İstemi Kağan Altayların batısından Tanrı dağlarına kadar olan bölgeyi kısa zamanda egemenliği altına alır. O bölgelerdeki Türk boylarını örgütleyerek İpek Yolu kavgasına kalkışır. Roma İmparatorluğunun ipek ticaretine önem vermesi ile İpek Yolu'nun önemi giderek artar. Ortaçağda soylular ve zenginlerin evlerini süsleyen ince kumaşlar, ipek eşya, fildişi süslemeler ve bunların hammaddesi Çin ile Hindistan'dan geliyordu. Bizans ve İran'da çok gelişen ipek endüstrisinin ham maddesi de Çin'den gelmekteydi. İpek ticareti deniz ve karadan yapılıyordu. Deniz taşımacılığı pek gelişmediğinden karadaki İpek Yolu'nun önemi fazla idi. İpek ticareti ile ilgili ilk ana yol kuzey yoludur. Gobi Çölü, Hami Vahası, Tanrı Dağları, Talaş kenti gibi bir doğrultuda bu yol ilerlerdi. Kervanlar daha sonra Seyhun ve Ceyhun ırmaklarını geçerek Kafkasya ve Karadeniz'e ulaşırlardı, İran' dan geçilmek istenmediğinden Hazar Gölü'nün kuzeyinden geçilirdi. Bunun yanında iki yol daha vardı. İkinci ana yol Tufan, Karaşar ve Kuça'yı keserek Fergana üzerinden Semerkand ve Buhara yönünde ilerlerdi. Üçüncü ana yol ise Güney yolu idi. Hotan ve Yarkent yolu ile Pamir'in yüksek yaylalarını aşar, Toharistan'ı keserek Gazne üzerinden Hindistan'a gelirdi. Hindistan deniz ve kara yollarıyla Anadolu'ya bağlanmıştı. Çin kervanları Türkistan sınırlarını aşamazlar ve bu nedenle başka topluluklar ürünlerin Batı'ya taşınmalarına aracılık ederlerdi. Bazı İranlı boylar, Semerkand ve Buhara çevresinden aldıkları ipeği Hazar Denizi'nin yanındaki pazar yerlerine götürürlerdi. Göktürklerin tutumu nedeniyle ipek üretimi ve ticareti onların döneminde sınırlı kalmış, Çin ile İran'a bağımlılık sürmüş ve Göktürkler ipek ticaretini tekellerine alamamışlardı.

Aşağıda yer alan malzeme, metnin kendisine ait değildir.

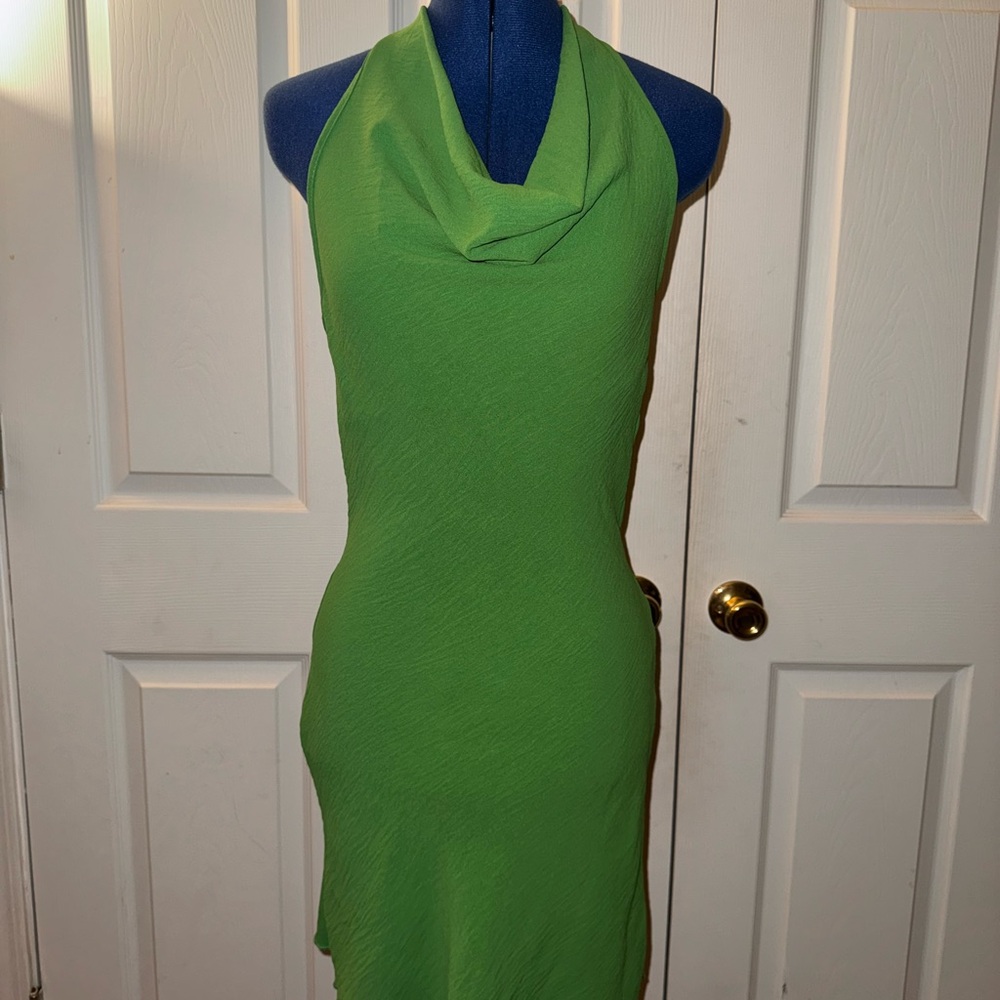 Green Cowl Neck Halter Dress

Akhun İmparatorluğu Göktürklerin yükselme döneminde Güney Asya ile beraber İpek Yolu'nun önemli bir kısmını da elinde tutuyordu. Akhunlar deniz ve kara yolu ile Çin'den gelen malların ulaştıkları ilk pazarlara egemen olmuşlardı. Bu yüzden sürekli olarak Sasani devleti ile Akhunlar arasında savaşlar çıkardı. İstemi Kağan batı bölgesine geldiğinde Sasanilerle anlaşma yaparak Akhunların İpek Yolu üzerindeki egemenliğini kırmaya çalıştı. İstemi Kağan, Sasani Kralı'na kız vererek akrabalık kurdu ve Akhun ülkesinin topraklarını paylaşma konusunda anlaşmaya vardı. Akhun ülkesinin kuzey bölgelerini ele geçiren Göktürkler bundan sonra İç Asya kervan yolu ile İpek Yolu'na egemen oldular. Ceyhun ırmağı Göktürkler ile Sasani devleti arasında sınır olarak saptandı.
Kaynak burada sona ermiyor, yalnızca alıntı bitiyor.